WHAT IS REQUIRED:
As output, give the exact lines from the one containing "ein Schlafzimmer mit" through the end of the listing below, both included, without the pictures.

INFORMATION PROVIDED:
--------------------

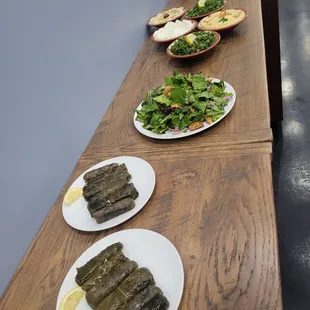 a long table with plates of food on it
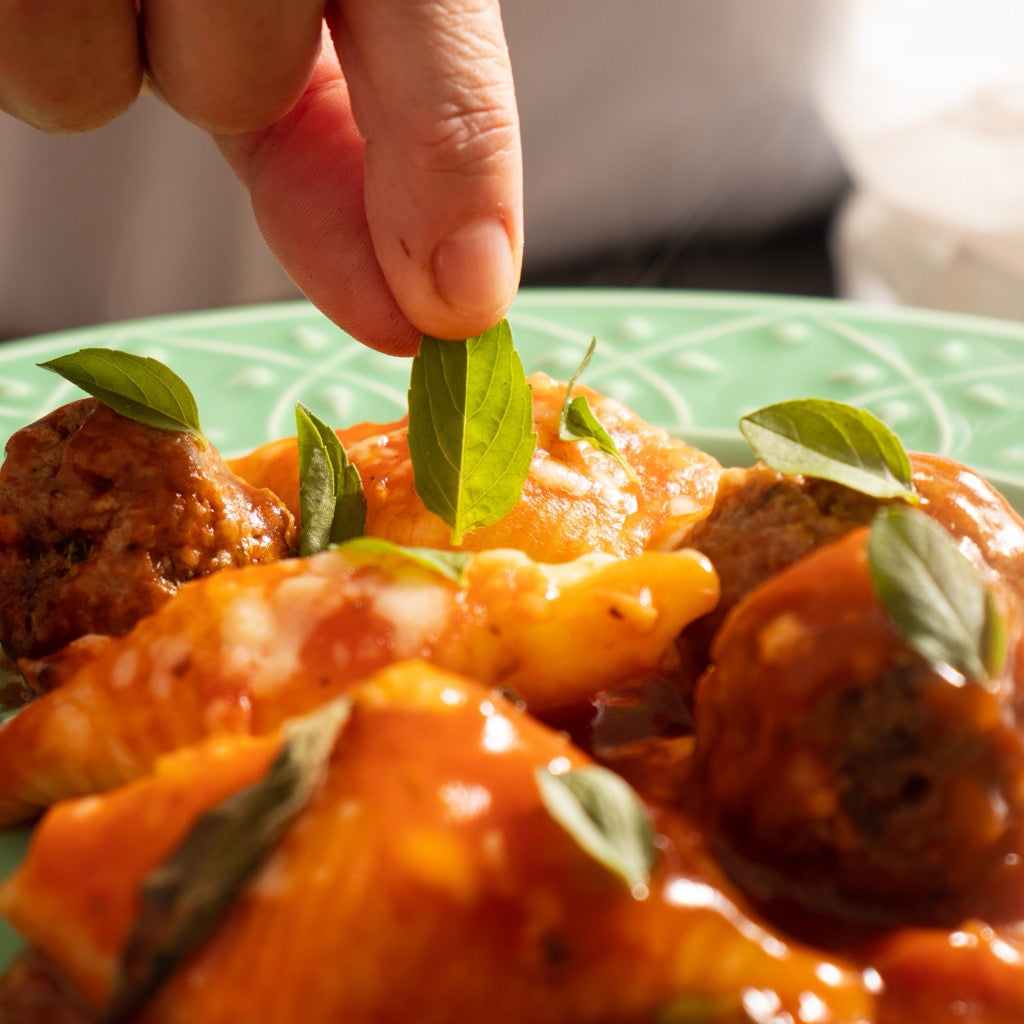 Conchiglioni 4 Queijos servido no prato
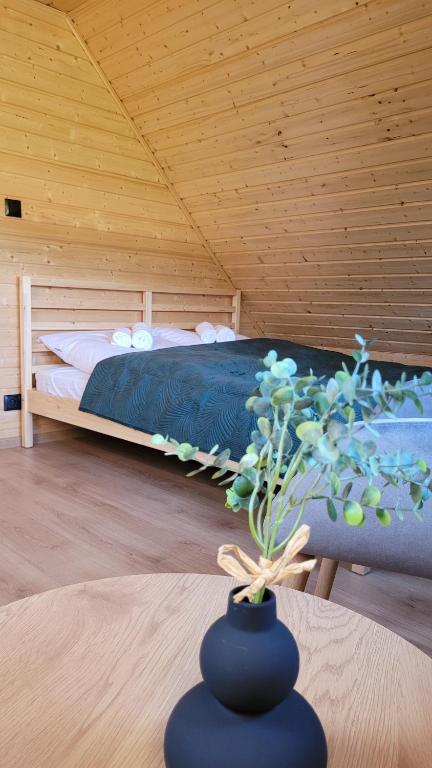 ein Schlafzimmer mit einem Bett und eine Vase mit einer Pflanze in der Unterkunft Sękowy Domek in Świeradów-Zdrój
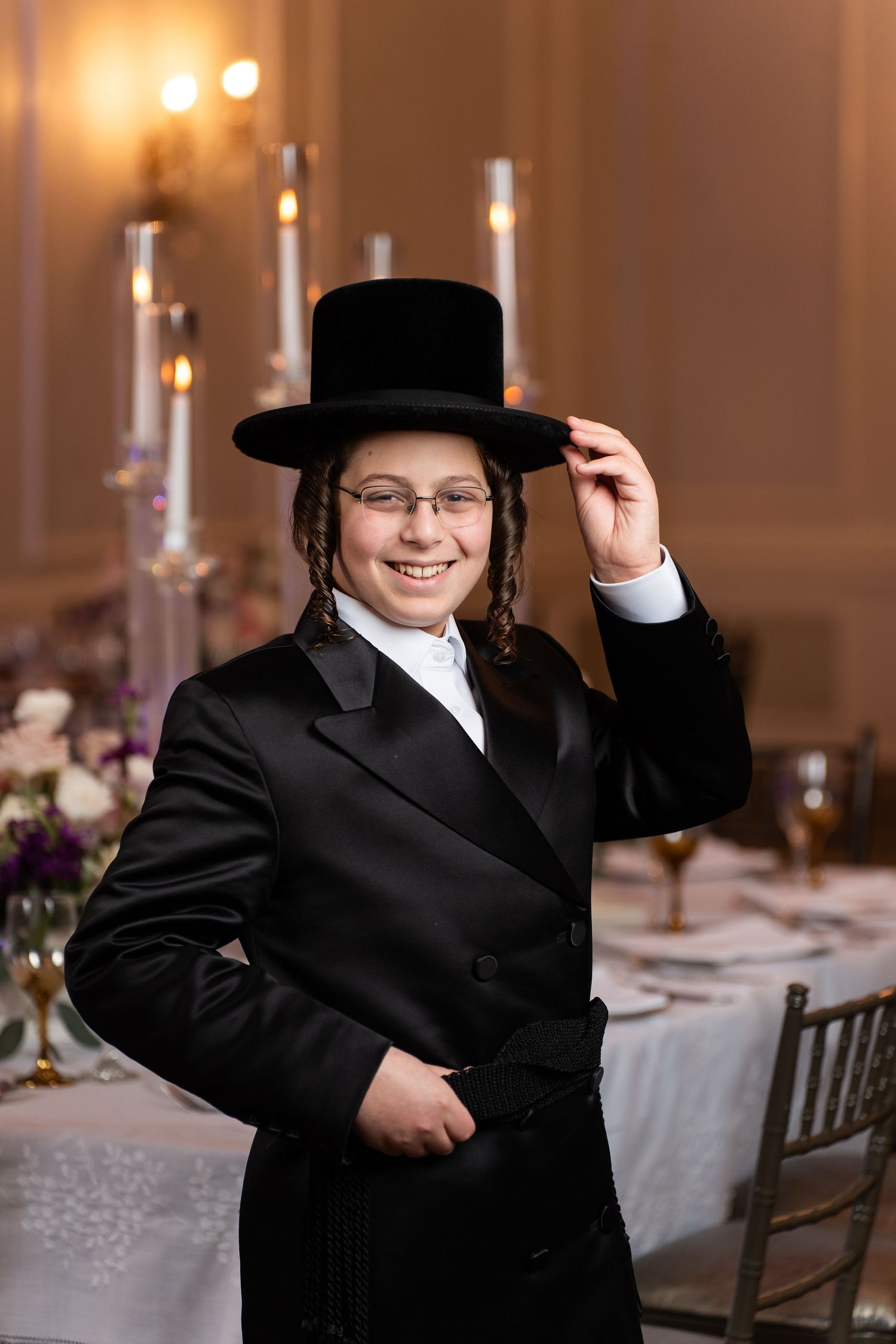 Young child in formal black suit and hat poses in multiple candid shots at an elegant reception venue.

--------------------

REPLY TO THE TASK:
 ein Schlafzimmer mit einem Bett und eine Vase mit einer Pflanze in der Unterkunft Sękowy Domek in Świeradów-Zdrój
 Young child in formal black suit and hat poses in multiple candid shots at an elegant reception venue.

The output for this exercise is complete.